The HAProxy works fine if there is only one pod, but with two and more pods, the 2nd pod onwards will have intermittent connectivity to the MariaDB with the following entries found inside the kubectl logs
:
[WARNING] 313/013536 (8) : Server galera/node2 is DOWN, reason: Layer4 timeout, check duration: 5001ms. 0 active and 2 backup servers left. Running on backup. 3 sessions active, 0 requeued, 0 remaining in queue.
[WARNING] 313/013611 (8) : Server galera/node2 is UP, reason: Layer4 check passed, check duration: 2ms. 1 active and 2 backup servers online. 0 sessions requeued, 0 total in queue.
[WARNING] 313/013916 (8) : Server galera/node2 is DOWN, reason: Layer4 timeout, check duration: 5000ms. 0 active and 2 backup servers left. Running on backup. 4 sessions active, 0 requeued, 0 remaining in queue.
[WARNING] 313/013951 (8) : Server galera/node2 is UP, reason: Layer4 check passed, check duration: 1ms. 1 active and 2 backup servers online. 0 sessions requeued, 0 total in queue.
[WARNING] 313/014446 (8) : Server galera/node2 is DOWN, reason: Layer4 timeout, check duration: 5001ms. 0 active and 2 backup servers left. Running on backup. 16 sessions active, 0 requeued, 0 remaining in queue.
[WARNING] 313/014521 (8) : Server galera/node2 is UP, reason: Layer4 check passed, check duration: 28ms. 1 active and 2 backup servers online. 0 sessions requeued, 0 total in queue.
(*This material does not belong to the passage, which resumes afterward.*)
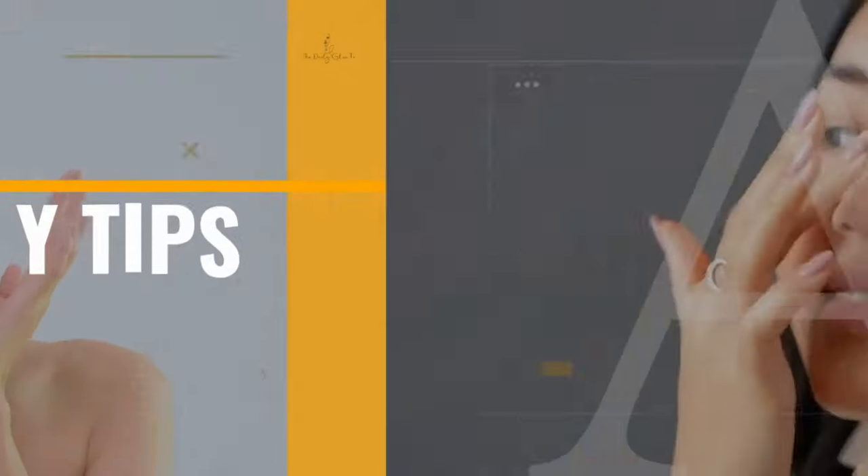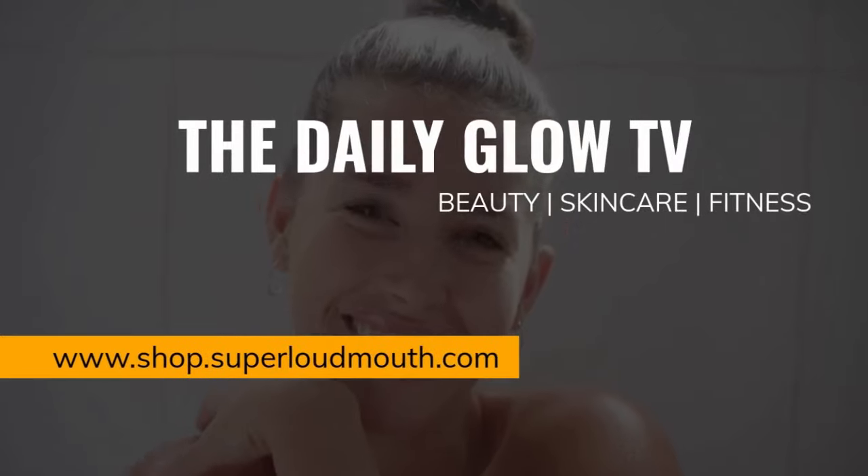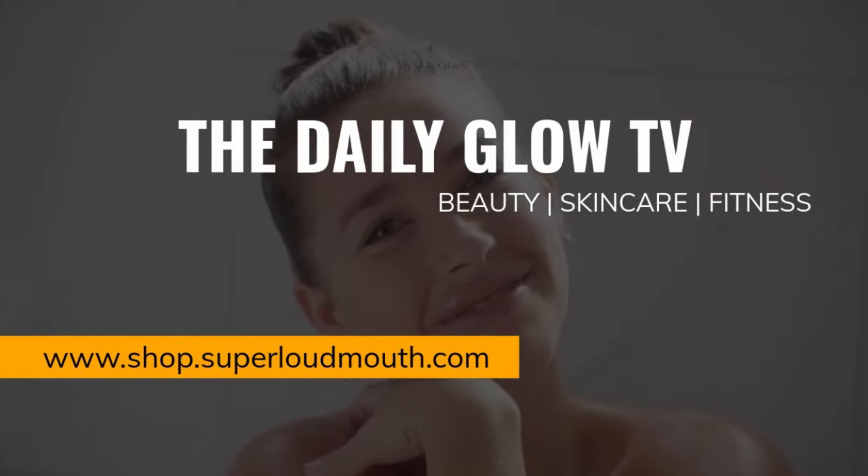Hi guys, my name is Silvia and this is a video about face yoga. Face yoga is a series of postures related to your face, focused on releasing stress from the muscles of your face, aiming at naturally lifting the skin.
The number of connections at the MariaDB servers is still way below the maximum connections setting and the DBA does not found any anomaly inside the MariaDB logs so I'm ruling out the MariaDB service itself rejecting the connection. The suspected cause of the intermittent issue would be somewhere between the HAProxy pods up until the VMs that run the MariaDB but I'm not sure where to start and what need to be checked.
Here is the haproxy.conf
:
listen galera
bind *:3306
balance source
mode tcp
option tcpka
default-server inter 5s downinter 5s fall 3 rise 1
server node1 172.20.193.120:3306 check weight 1 backup
server node2 172.20.193.121:3306 check weight 1
server node3 172.20.193.122:3306 check weight 1 backup
The HAProxy version is latest as of this post which is 2.6.6
. The Kubernetes cluster is running v1.22.12+vmware.1
VMWare Tanzu if there's any relevance.
Has anyone experienced such an issue before? What do you suggest where to start troubleshooting from?